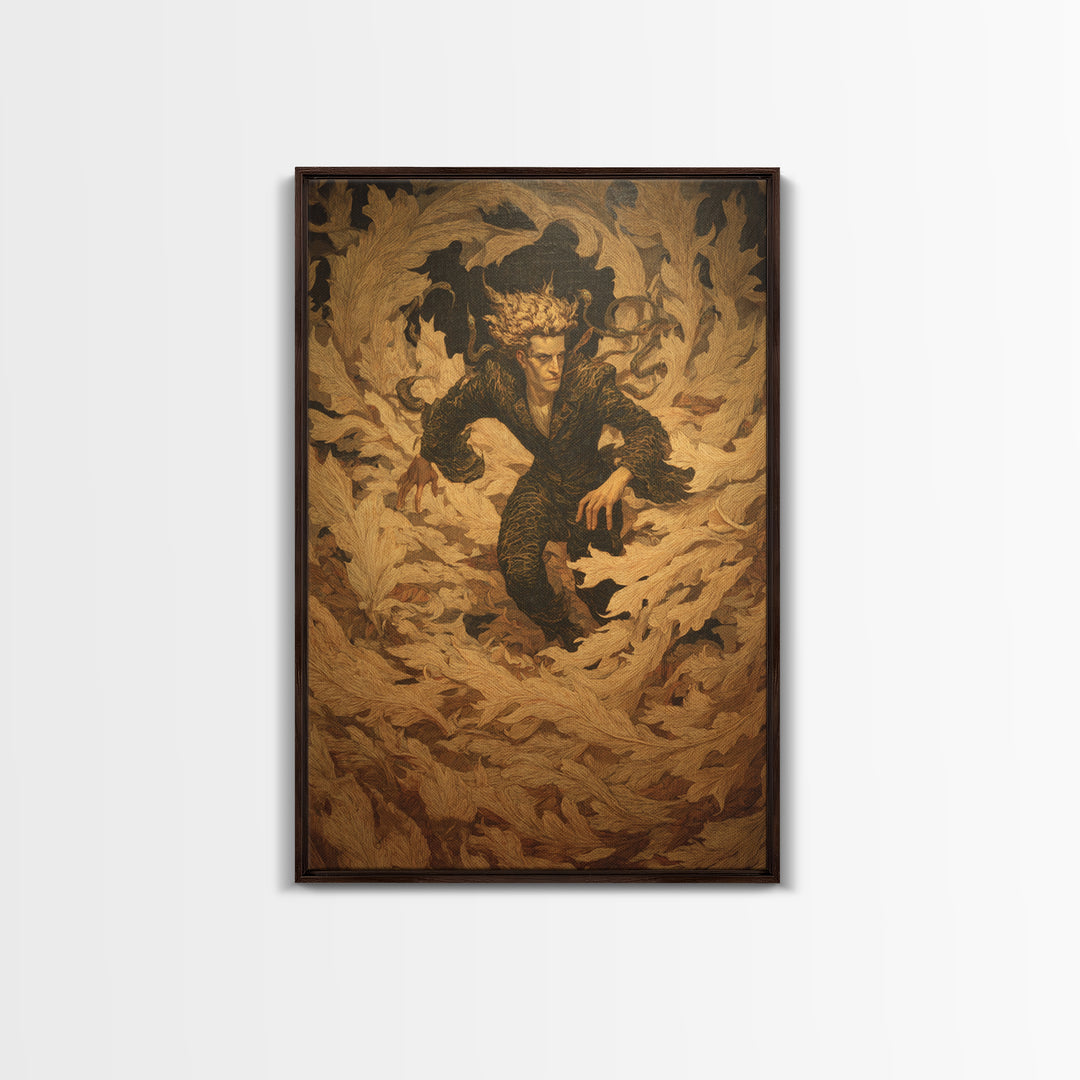 The Autumn-Leaf Ghost, Dark Symbolist Art, Vertical Wall Art, Dark Halloween Decor, Framed Canvas Print, Halloween Wall Art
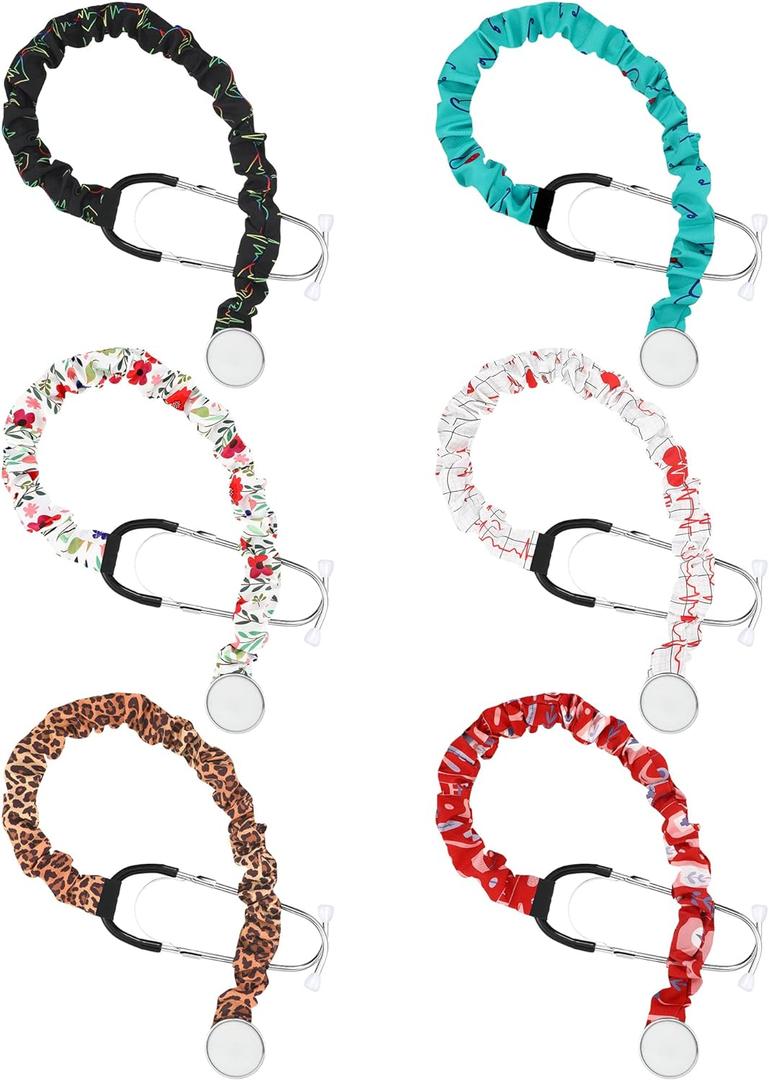 Tondiamo 6 Pieces Stethoscope Cover Scrunchie Elastic Fabric Covers Sleeve Compatible with 6 Styles Stethoscope Neck Wrap for Nurse Doctor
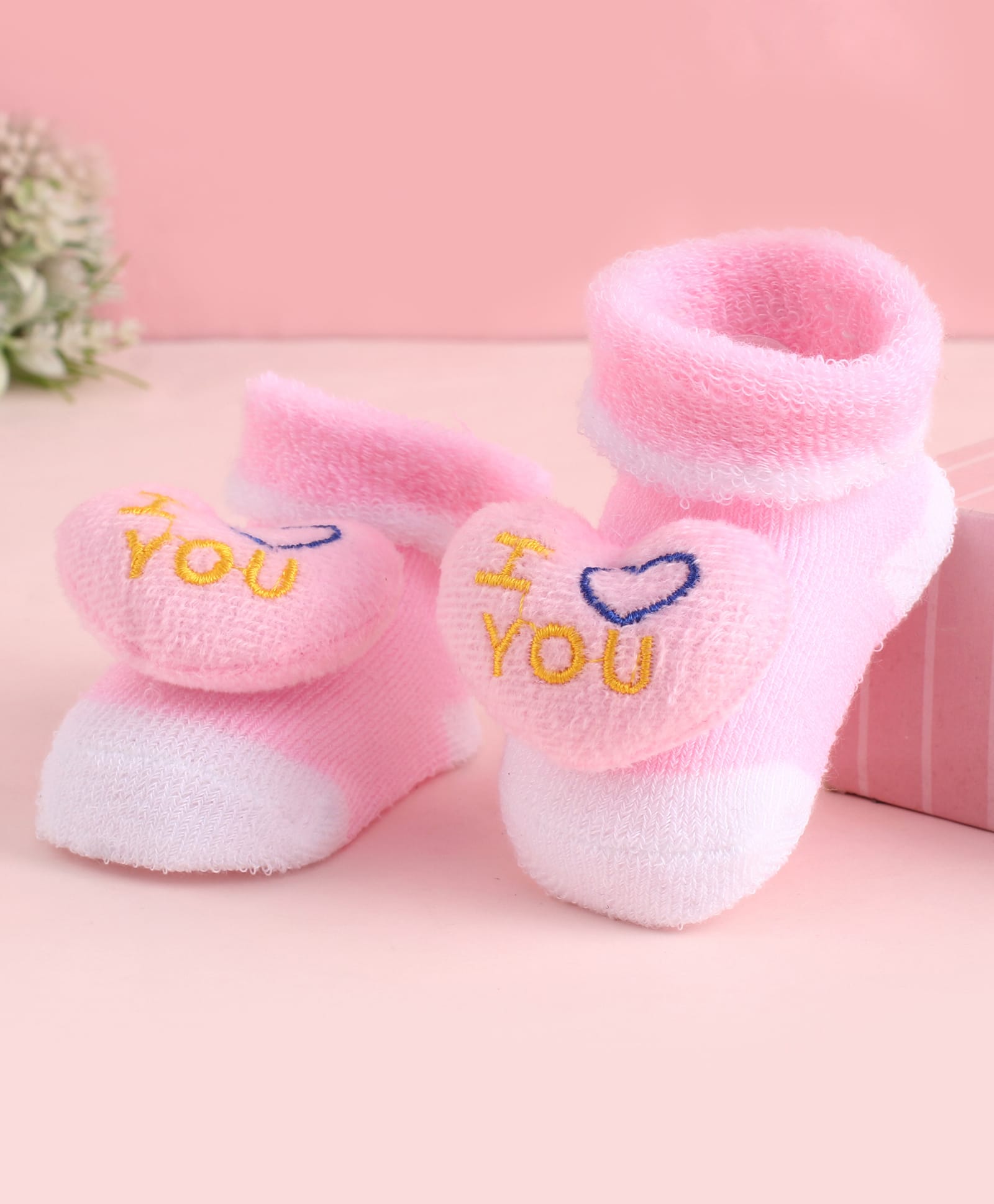 Cute Walk by Babyhug Fabric Socks Shoes With Large Heart Applique - Pink-picture-20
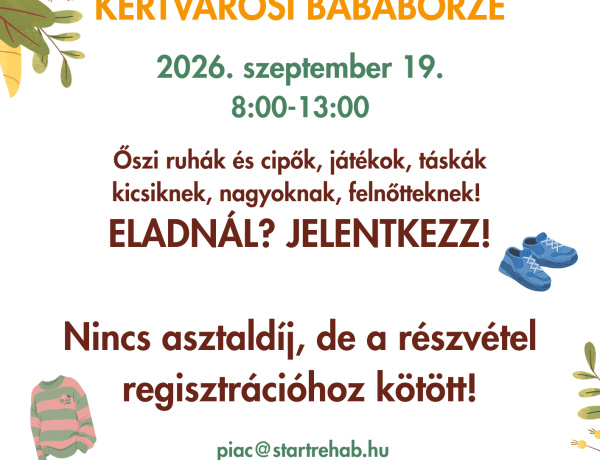 Őszi Kertvárosi Bababörze Nyíregyházán – Ruhák, cipők, játékok és táskák várják az érdeklődőket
+++
What is needed: Could you write out the whole listing exactly, skipping every picture?

Output for this task:
 The Autumn-Leaf Ghost, Dark Symbolist Art, Vertical Wall Art, Dark Halloween Decor, Framed Canvas Print, Halloween Wall Art
 Tondiamo 6 Pieces Stethoscope Cover Scrunchie Elastic Fabric Covers Sleeve Compatible with 6 Styles Stethoscope Neck Wrap for Nurse Doctor
 Cute Walk by Babyhug Fabric Socks Shoes With Large Heart Applique - Pink-picture-20
 Őszi Kertvárosi Bababörze Nyíregyházán – Ruhák, cipők, játékok és táskák várják az érdeklődőket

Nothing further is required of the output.